Shen, Yuchi; Wu, Jing; Chen, Junfeng; Zhang, Weiwei; Yang, Xiaolin; Ma, Hongwei.
Afiliação
  • Shen Y; Department of Civil Engineering, Qinghai University, Xining 810016, China.
  • Wu J; Department of Mechanical Engineering, Dongguan University of Technology, Dongguan 523808, China.
  • Chen J; School of Mechanics and Construction Engineering, Jinan University, Guangzhou 510632, China.
  • Zhang W; Department of Mechanical Engineering, Dongguan University of Technology, Dongguan 523808, China.
  • Yang X; Department of Civil Engineering, Qinghai University, Xining 810016, China.
  • Ma H; Department of Mechanical Engineering, Dongguan University of Technology, Dongguan 523808, China.

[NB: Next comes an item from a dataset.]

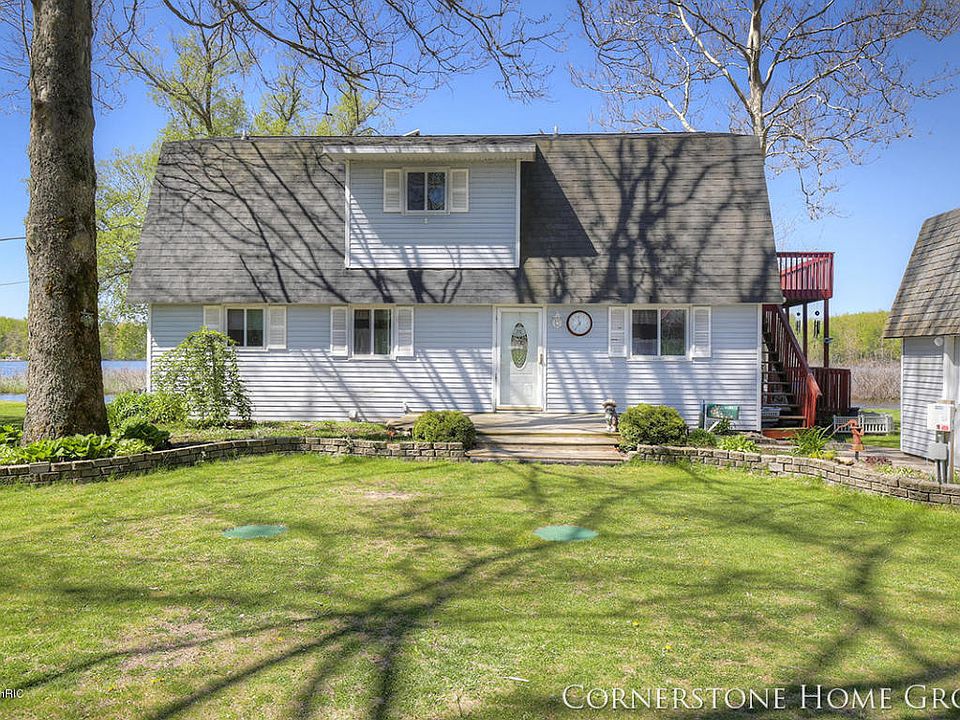 1st image of 65 Island Ct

Sensors (Basel) ; 24(4)2024 Feb 13.
Article em En | MEDLINE | ID: mdl-38400362
ABSTRACT
In this study, a quantitative detection method of pipeline cracks based on a one-dimensional convolutional neural network (1D-CNN) was developed using the time-domain signal of ultrasonic guided waves and the crack size of the pipeline as the input and output, respectively. Pipeline ultrasonic guided wave detection signals under different crack defect conditions were obtained via numerical simulations and experiments, and these signals were input as features into a multi-layer perceptron and one-dimensional convolutional neural network (1D-CNN) for training. The results revealed that the 1D-CNN performed better in the quantitative analysis of pipeline crack defects, with an error of less than 2% in the simulated and experimental data, and it could effectively evaluate the size of crack defects from the echo signals under different frequency excitations. Thus, by combining the ultrasonic guided wave detection technology and CNN, a quantitative analysis of pipeline crack defects can be effectively realized.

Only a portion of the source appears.